Sessions in the way that most PHP developers think about them are an enemy of horizontal scalability, but if slightly alter the way you think about how your app works you can effectively remove the need for this type of session.

Think about how much info you need to store between page requests that isn't already available to you some other way, in a database for example. Now consider that if your app needs to scale then chances are you'll end up with your session storage in a database. What do you gain by extracting that data from it's natural home in the database and putting it into another location in the database for the duration of a users visit?

The one thing you do need to transfer from request to request is something to identify the logged in user. This is done in the same way sessions pass their identifier, in a cookie or in the URL. The only difference is that you need to encrypt it to make it a bit harder to fake. I generally include a timestamp in the encrypted cookie so I can impose a hard limit on the lifetime of a session.
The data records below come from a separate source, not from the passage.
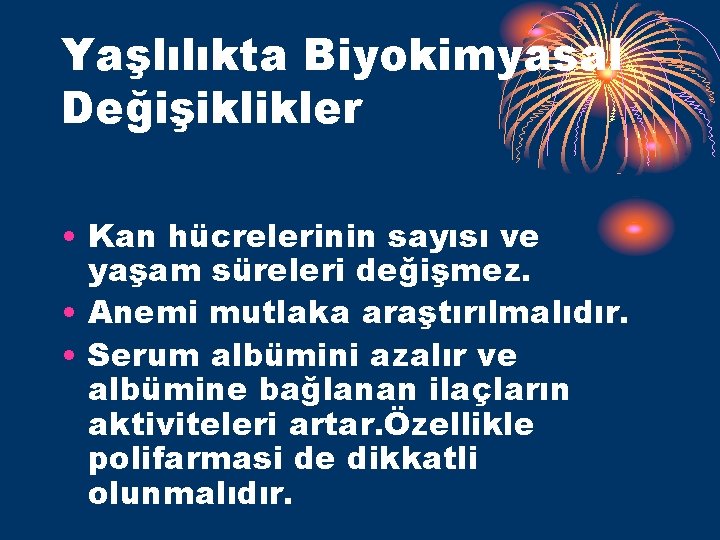 Yaşlılıkta Biyokimyasal Değişiklikler • Kan hücrelerinin sayısı ve yaşam süreleri değişmez. • Anemi mutlaka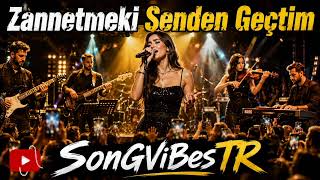 Zannetmeki Senden Geçtim (Sensiz Yeni Hayat Seçtim) Songvibestr {Dinlemekten Keyif Alacağınız Şarkı}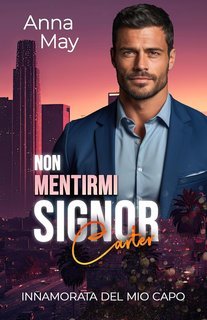 Anna May - I Ricchi Amanti Peccaminosi Vol. 11. Non Mentirmi Signor Carter (2025)
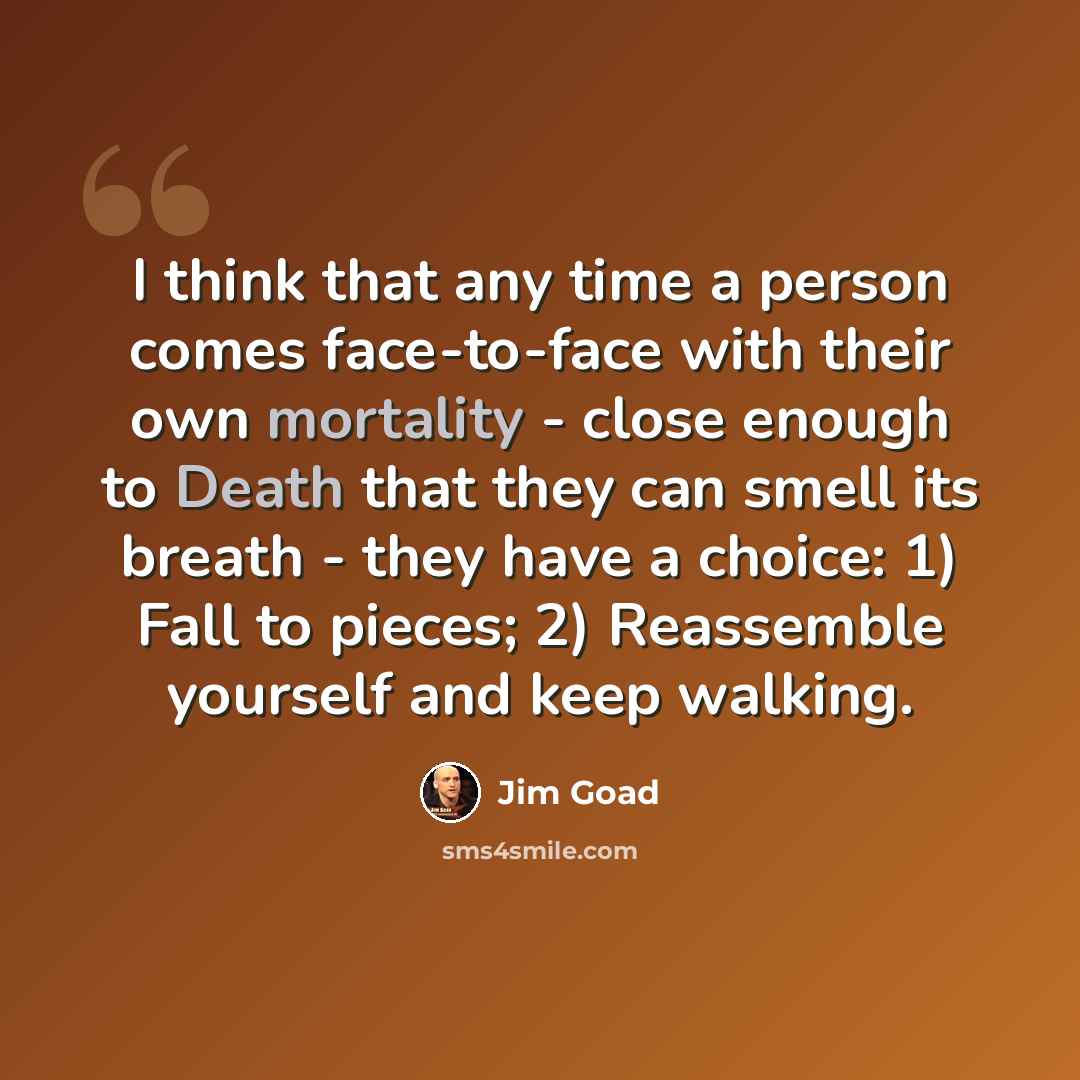 “I think that any time a person comes face-to-face with their own mortality - close enough to Death that they can smell its breath - they have a choice: 1) Fall to pieces; 2) Reassemble yourself and keep walking.” quote by Jim Goad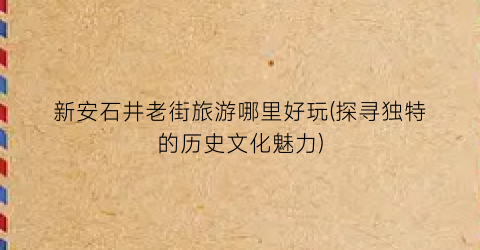 新安石井老街旅游哪里好玩(探寻独特的历史文化魅力)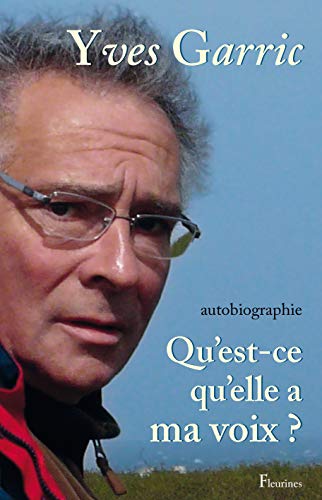 Beispielbild fr Autobiographie - Qu'est-ce qu'elle a ma voix ? (Parcours d'un journaliste de FR3 Toulouse) Garric, Yves zum Verkauf von BIBLIO-NET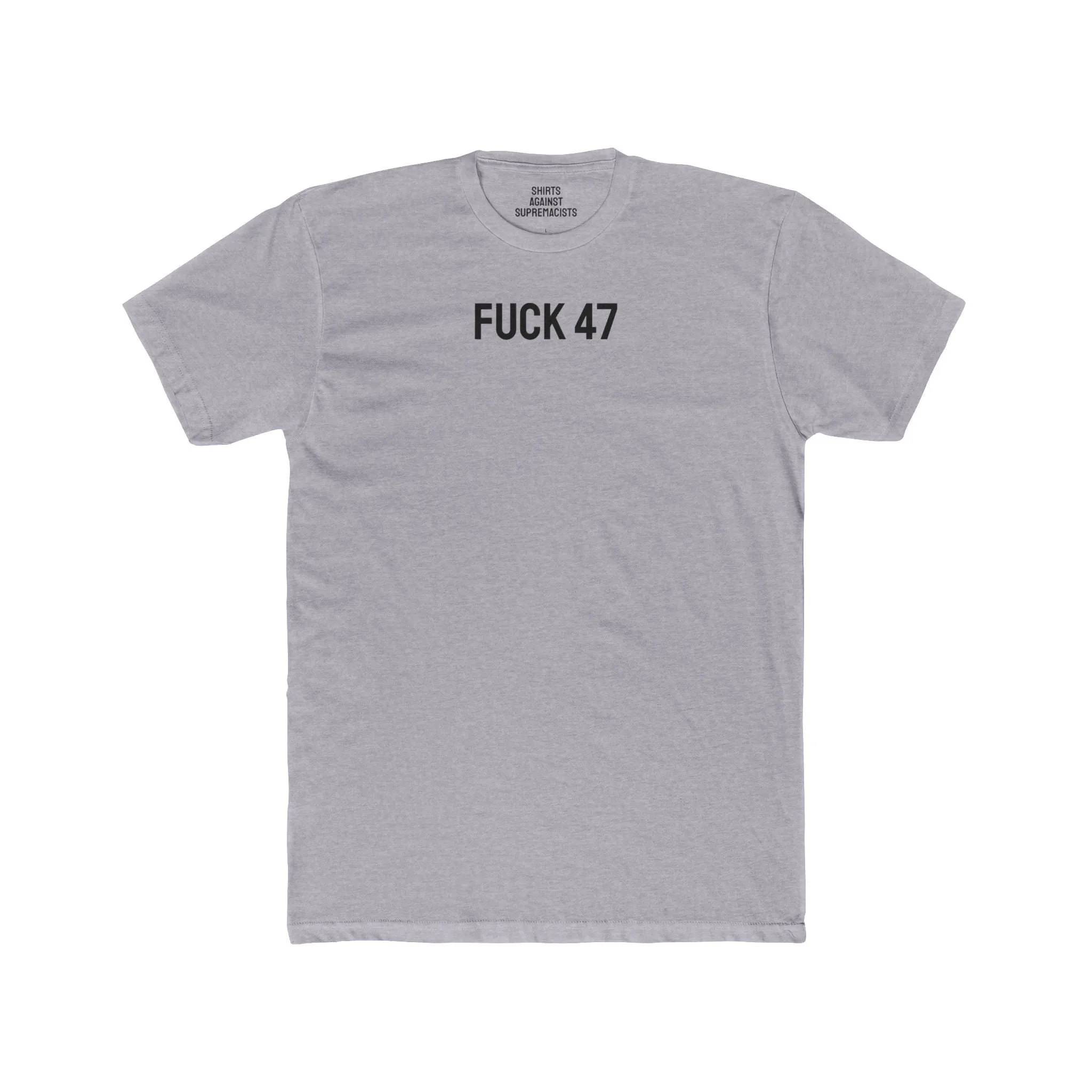 Fuck 47 - Unisex Cotton Crew Tee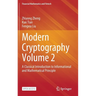 Modern Cryptography Volume 2: A Classical Introduction to Informational and Mathematical Principle
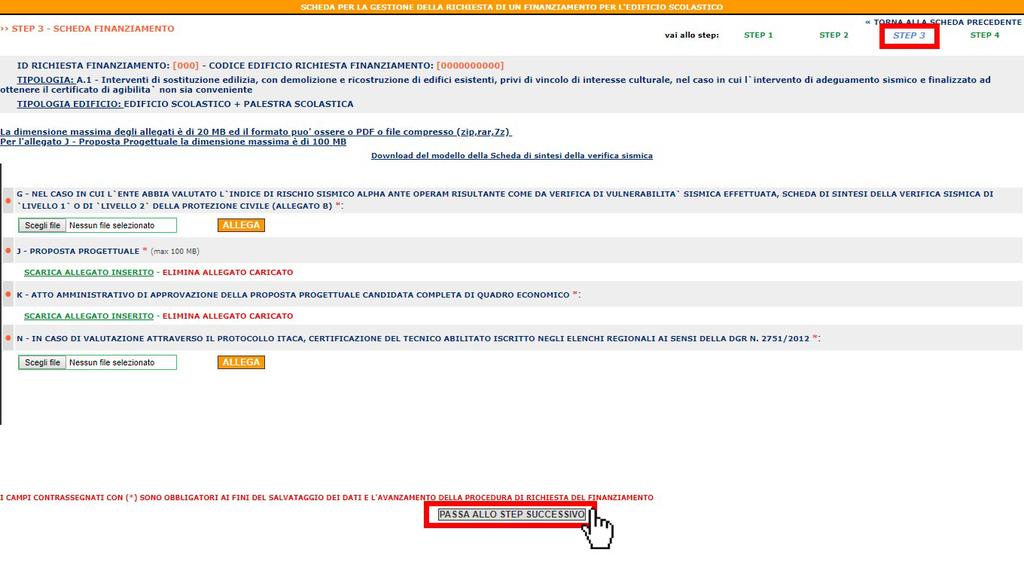 STEP 3 In questa sezione è possibile caricare gli allegati richiesti nel bando.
Normal rules for good encryption apply here, but bear in mind that every single request will need to decrypt it, and potentially encrypt it too so don't go overboard.

Of course it's possible that the app you're working on will never need to scale beyond one machine, but I have been involved in scaling too many sites that weren't designed to do it to not plan for the possibility in everything I do now.

Anyway, that's why I avoid using 'sessions' wherever possible - IMHO there are better ways to achieve the same goal for most applications.